This is a variation or extension of my previous answer. The primary difference is that it's able to "compress" the strings potentially much more by taking advantage of the fact that they're actually file paths with possibly one or more common sub-components. This redundancy is eliminated by building a tree data structure from this information meaning that for any given level, each unique component value is only stored once. The tree data structure itself is implemented using what is essentially a dictionary of dictionaries. Its creation ought to be relatively fast due to it use of the built-in reduce()
function.
The updated version below now has the property that -- unlike with previous one -- what's created can be pickled, which means it can be saved and read back intact later from a file.

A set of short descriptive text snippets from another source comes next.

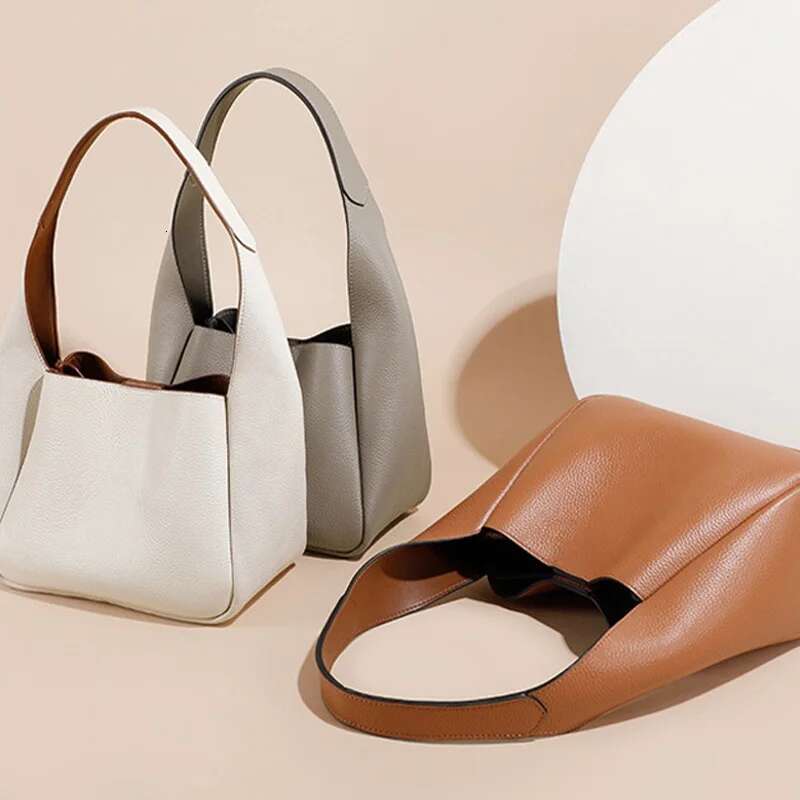 Genuine Leather Women's Shoulder Bag Solid Color Fashionable Atmospheric Convenient Large Capacity Handbag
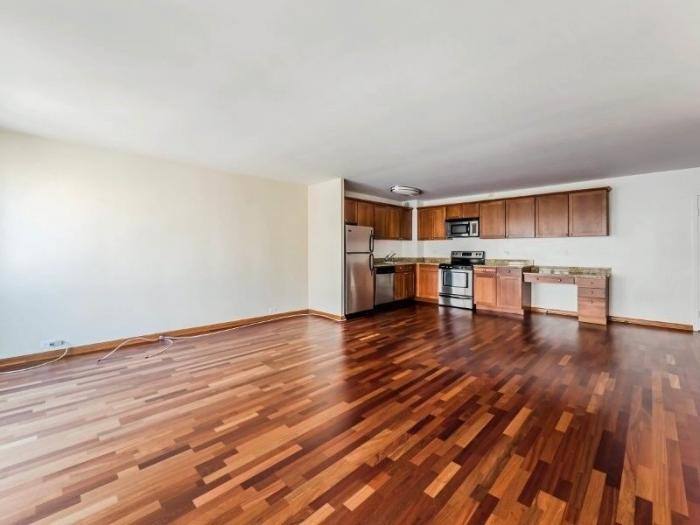 Apartment for rent at 2933 N Sheridan Rd, Chicago, IL 60657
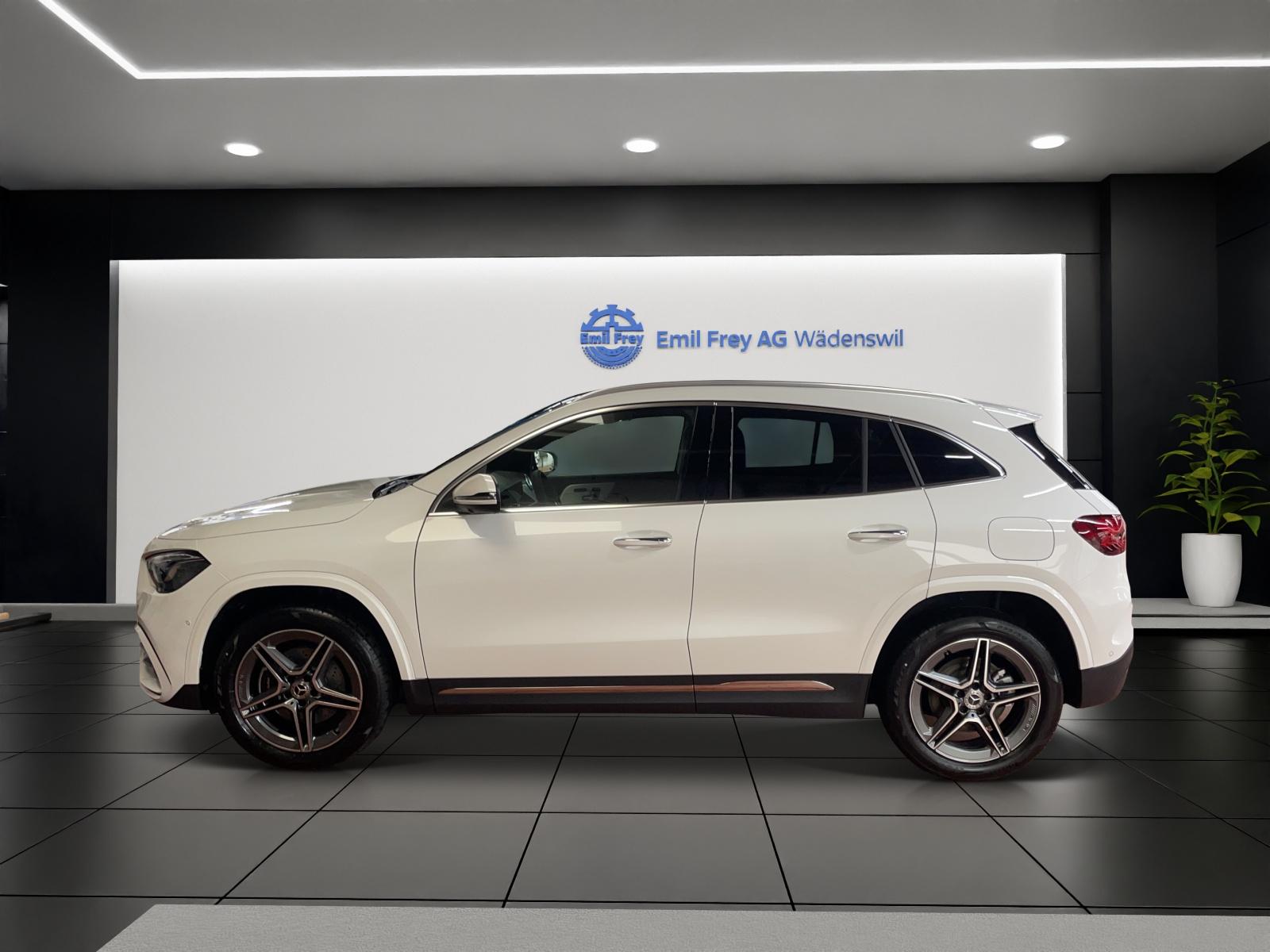 MERCEDES-BENZ GLA 250 e AMG Line-showroom-element-2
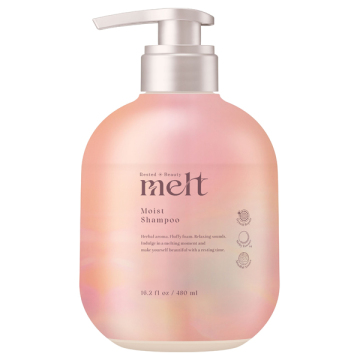Rounded pink pump bottle of Moist Shampoo (480 ml) labeled "melt".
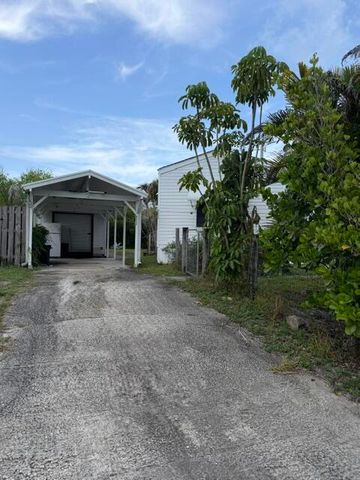 8423 SE Sandy Lane, Hobe Sound, FL 33455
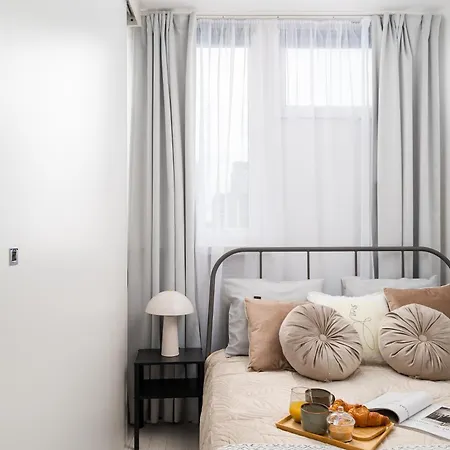 Charming 2x 1-br 950 M From Station, Bedroom & Separate Living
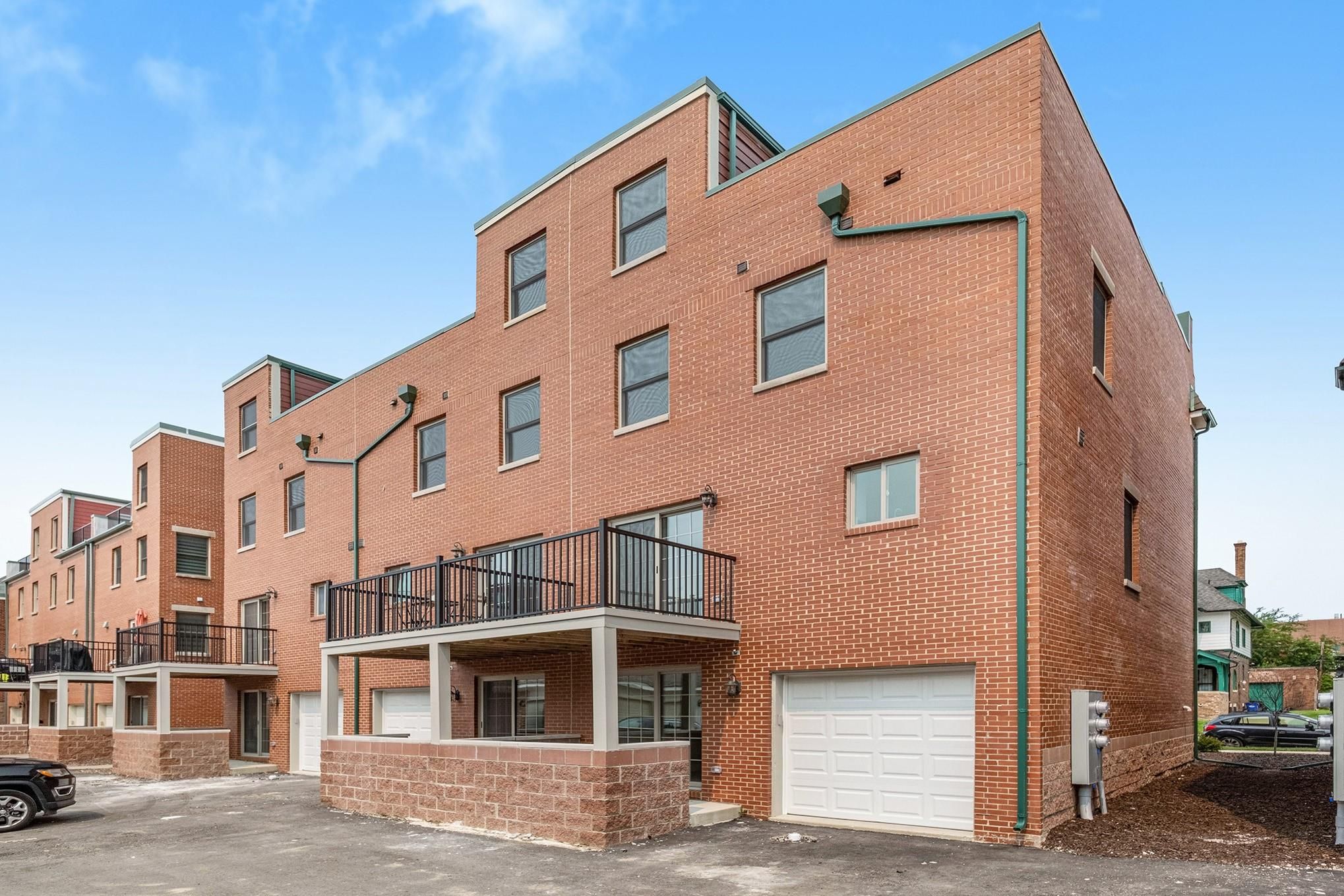 228 Erskine Street Unit: 21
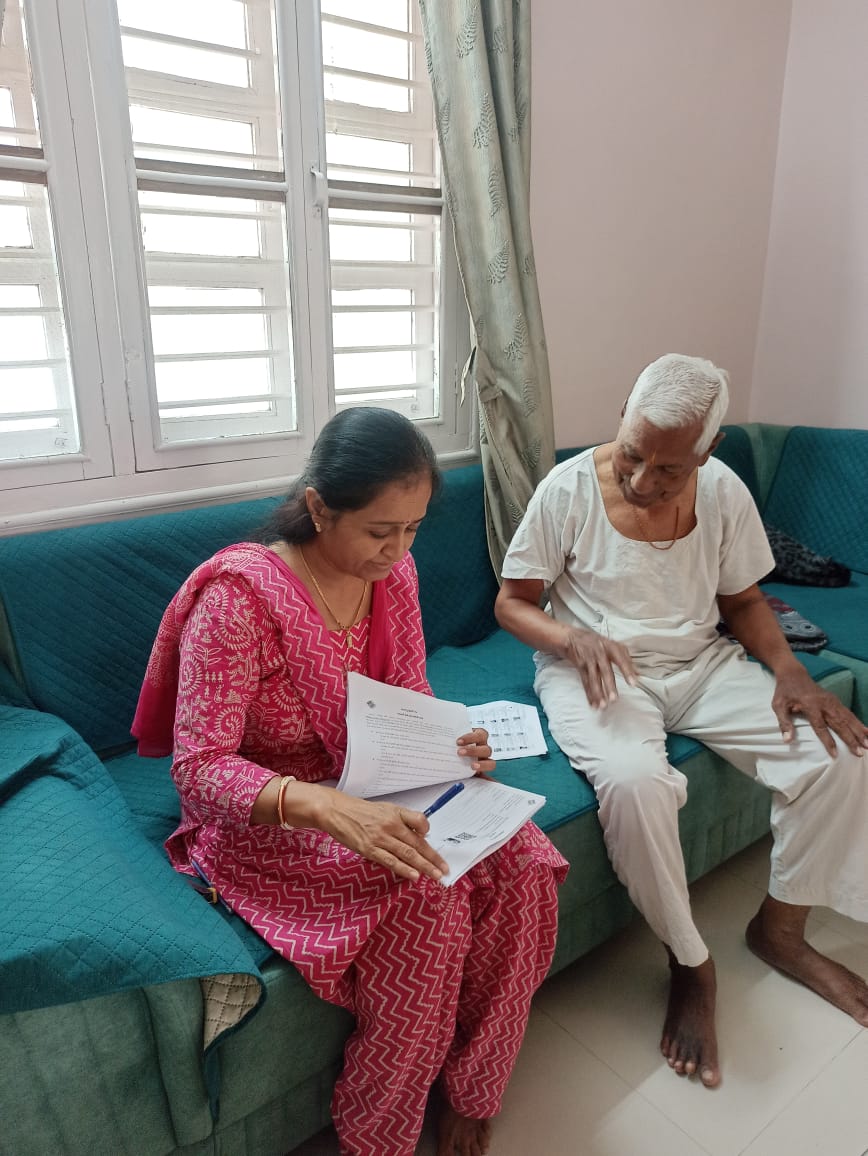 Distribution of Enumeration forms at 112- Anand assembly constituency.
#SIR2025
<a href="/CollectorAnd/">Collector and DM Anand</a> <a href="/CEOGujarat/">Chief Electoral Officer, Gujarat</a> <a href="/SpokespersonECI/">Spokesperson ECI</a>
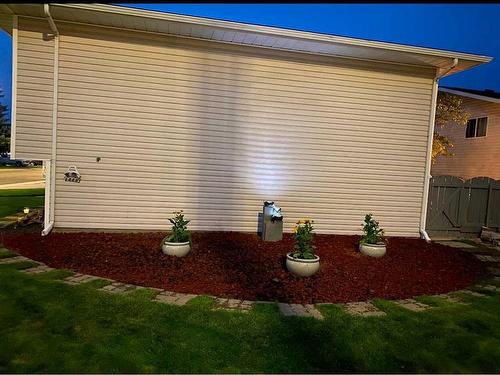 55 Rundle Road Se, Medicine Hat, AB - Outdoor With Exterior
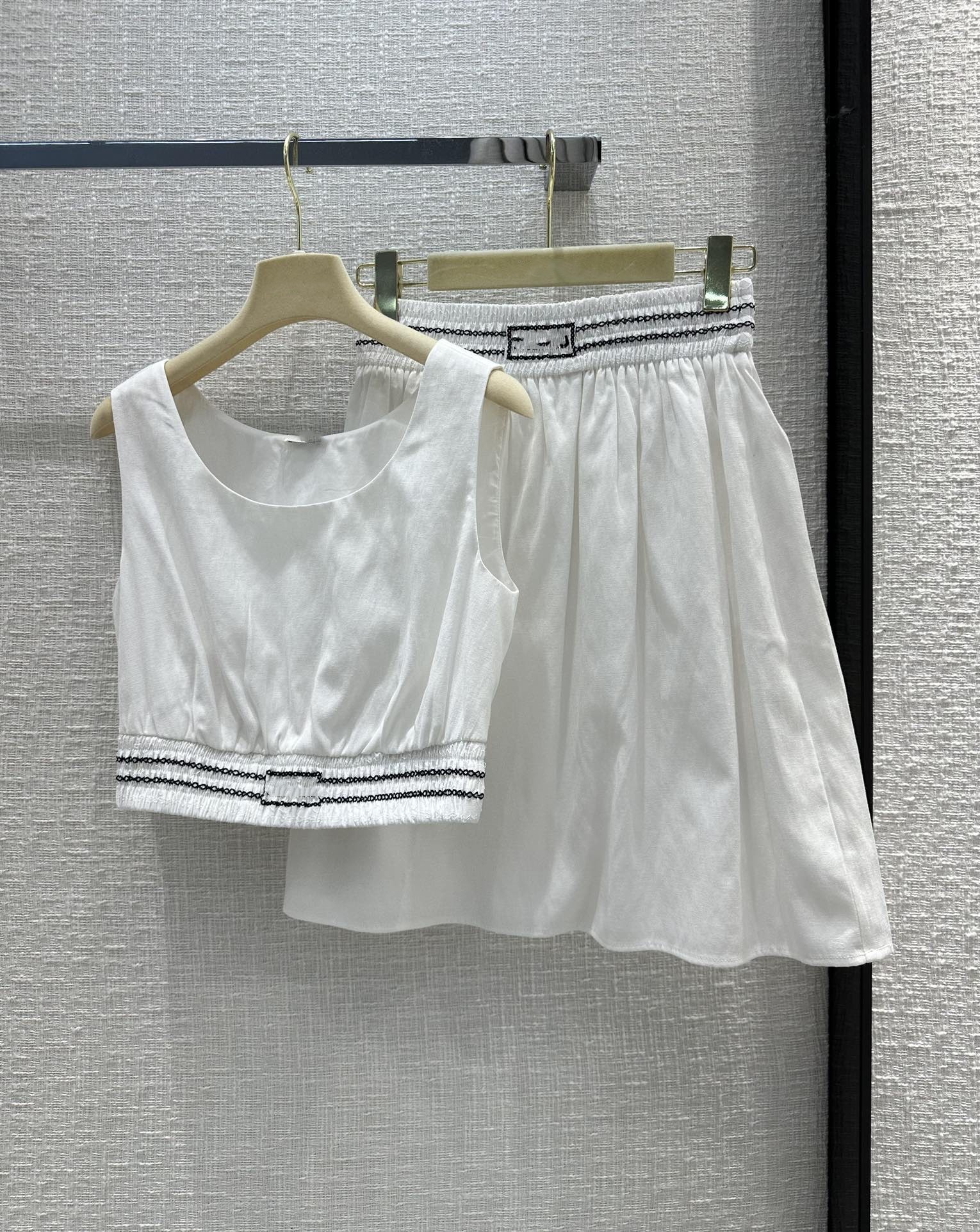 

Women's Two Piece Dress 2023 New Summer O Neck Print Tops And Brand Same Style 2 Pieces Sets Skirts 0506-18, White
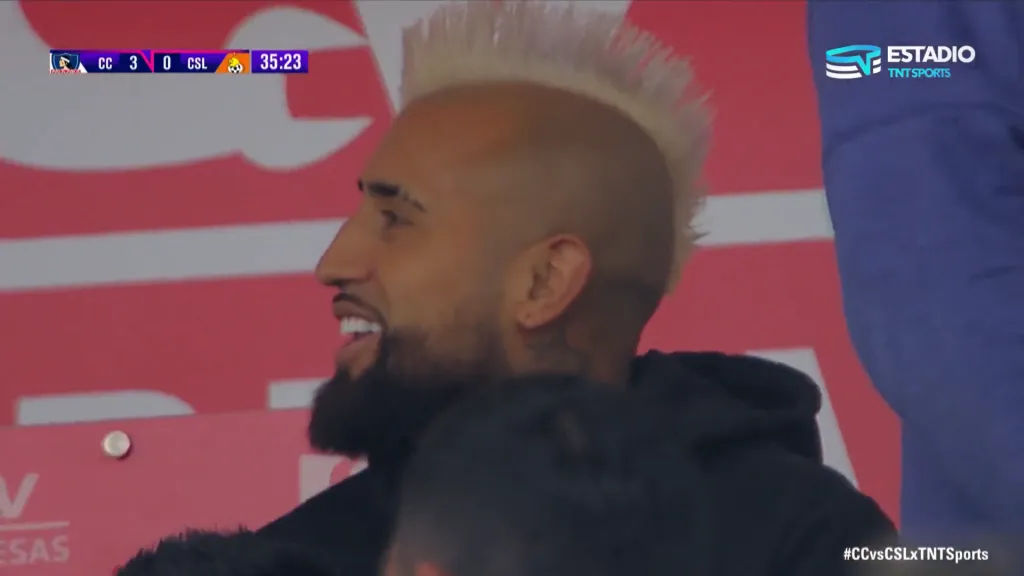 Arturo Vidal presencia el triunfo parcial de Colo Colo ante Cobresal (Foto: TNT SportS)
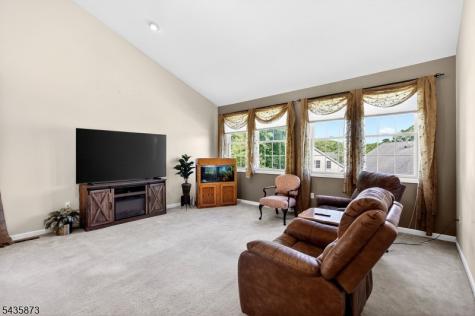 13 Fairchild Lane Wantage NJ 07461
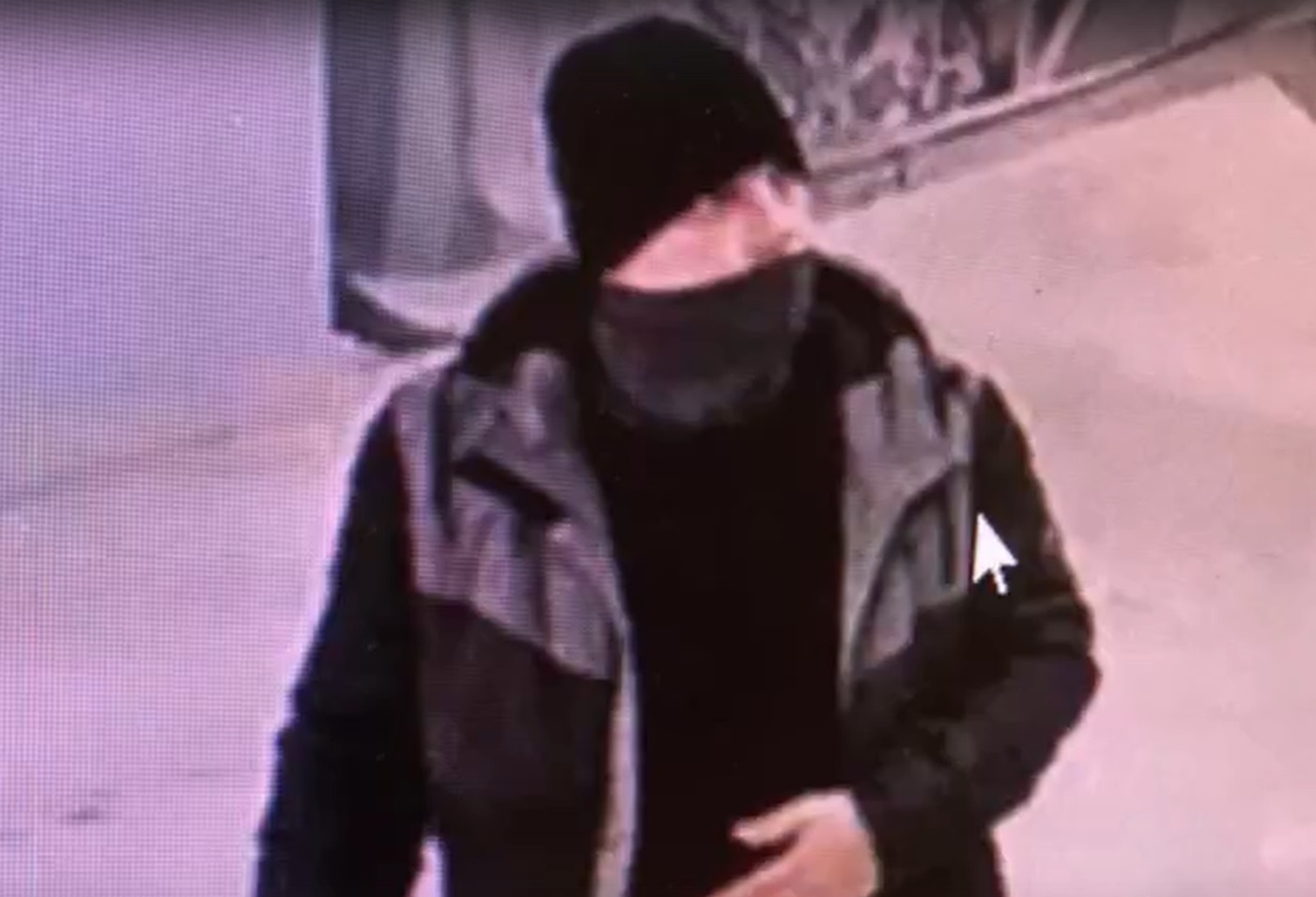В Курске разыскивают мужчину, подозреваемого в краже электроники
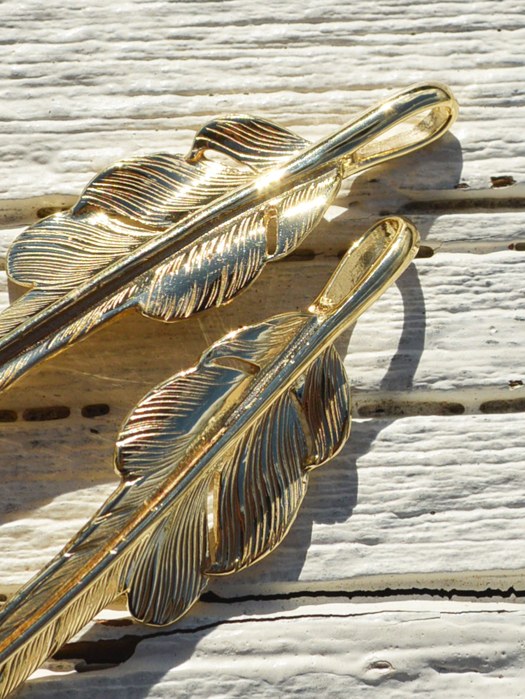 EFNL-0029　18K GOLD KAZEKIRI FEATHER PENDANT No. 29　(M)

Like my other answer, this isn't doing what you call "real" compression, however I think doing something like might be overkill for what you're trying to accomplish since this would solve your problem, is relatively quick, plus would be much simpler to maintain, enhance, and extend later.
import collections
import cPickle as pickle # use C version for performance
import operator
import os
class DefaultDict(collections.defaultdict):
""" pickle-able defaultdict """
def __reduce__(self):
args = (self.default_factory,) if self.default_factory else tuple()
return type(self), args, None, None, self.iteritems()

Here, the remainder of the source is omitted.